Doch das ist nicht alles. Denn nicht nur verletzt ein bedingungsloses Grundeinkommen das Prinzip der Reziprozität, es schafft auch problematische Anreize. Vorerst mögen Menschen geneigt zu sein, eine Gegenleistung zu erbringen (dazu gleich), aber es ist nicht auszuschließen, dass diese Neigung in der Zukunft abnehmen wird – wenn wir uns nämlich an die Bedingungslosigkeit gewöhnt haben, sie als selbstverständlich betrachten (ein Bekannter hat hierzu zutreffend bemerkt, dass solche Einschätzungen das Resultat eines spezifischen Menschenbildes sind – ja, ich bezeichne mich selbst als einen humanistischen Misanthropen und bin dem Menschen gegenüber eher skeptisch eingestellt; doch hier geht es mir erstmal um eine prinzipielle Möglichkeit eines falschen Anreizes und um ein Vorsichtsprinzip – wenn wir ein bedingungsloses Grundeinkommen einführen wollen, sollten wir uns zumindest im Klaren sein, dass die Gefahr problematischer Anreizwirkung besteht, selbst wenn man sie für eher gering hält).

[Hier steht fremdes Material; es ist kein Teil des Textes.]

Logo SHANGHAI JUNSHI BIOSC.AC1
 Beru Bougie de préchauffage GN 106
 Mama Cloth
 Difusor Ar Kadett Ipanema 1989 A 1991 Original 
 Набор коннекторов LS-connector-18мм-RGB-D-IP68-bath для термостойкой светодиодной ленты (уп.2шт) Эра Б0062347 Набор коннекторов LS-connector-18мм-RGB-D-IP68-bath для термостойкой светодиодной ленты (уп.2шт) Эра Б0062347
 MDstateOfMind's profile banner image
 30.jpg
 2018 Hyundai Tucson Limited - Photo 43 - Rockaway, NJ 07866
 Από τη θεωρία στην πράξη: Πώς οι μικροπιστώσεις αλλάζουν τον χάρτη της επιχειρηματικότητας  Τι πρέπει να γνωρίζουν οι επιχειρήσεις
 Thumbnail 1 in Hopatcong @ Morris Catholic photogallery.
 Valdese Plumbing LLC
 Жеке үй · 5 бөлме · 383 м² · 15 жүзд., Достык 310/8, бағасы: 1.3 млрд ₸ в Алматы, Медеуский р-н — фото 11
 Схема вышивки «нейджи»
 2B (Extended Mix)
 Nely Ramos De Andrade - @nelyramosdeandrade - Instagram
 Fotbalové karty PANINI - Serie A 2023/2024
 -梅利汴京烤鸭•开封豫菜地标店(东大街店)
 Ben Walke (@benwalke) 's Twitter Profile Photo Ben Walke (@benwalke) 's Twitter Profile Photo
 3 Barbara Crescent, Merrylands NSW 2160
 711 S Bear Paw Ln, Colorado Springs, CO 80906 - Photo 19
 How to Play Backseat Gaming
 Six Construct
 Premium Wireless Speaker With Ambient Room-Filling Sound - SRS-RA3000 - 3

Jetzt wäre der richtige Zeitpunkt, den Pragmatismus-Punkt einzuwenden: es mag ja sein, dass ich sogar Recht habe mit meinen Prinzipienargumenten. Aber es ist bekanntlich kaum möglich, ein konsistentes moralisches System praktisch anzuwenden – hier und da muss man Abweichungen und Kompromisse in Kauf nehmen, vielleicht sogar nach dem Prinzip des „kleineren Übels“ handeln. Man muss – eben – pragmatisch sein. Und auch wenn ich nicht sicher bin, ob die von mir oben angesprochenen prinzipiellen Probleme vernachlässigbar genug sind, um einfach ignoriert werden zu können – lasst uns zum Pragmatismus übergehen.
Die meisten der Punkte, auf die ich unter der Überschrift „pragmatische Erwägungen“ nun eingehen werde, habe ich bereits einmal zusammengeschrieben, damals noch auf der englischsprachigen Version dieses Blogs (hier). Nun also eine aktualisierte und teils überarbeitete/überdachte Fassung.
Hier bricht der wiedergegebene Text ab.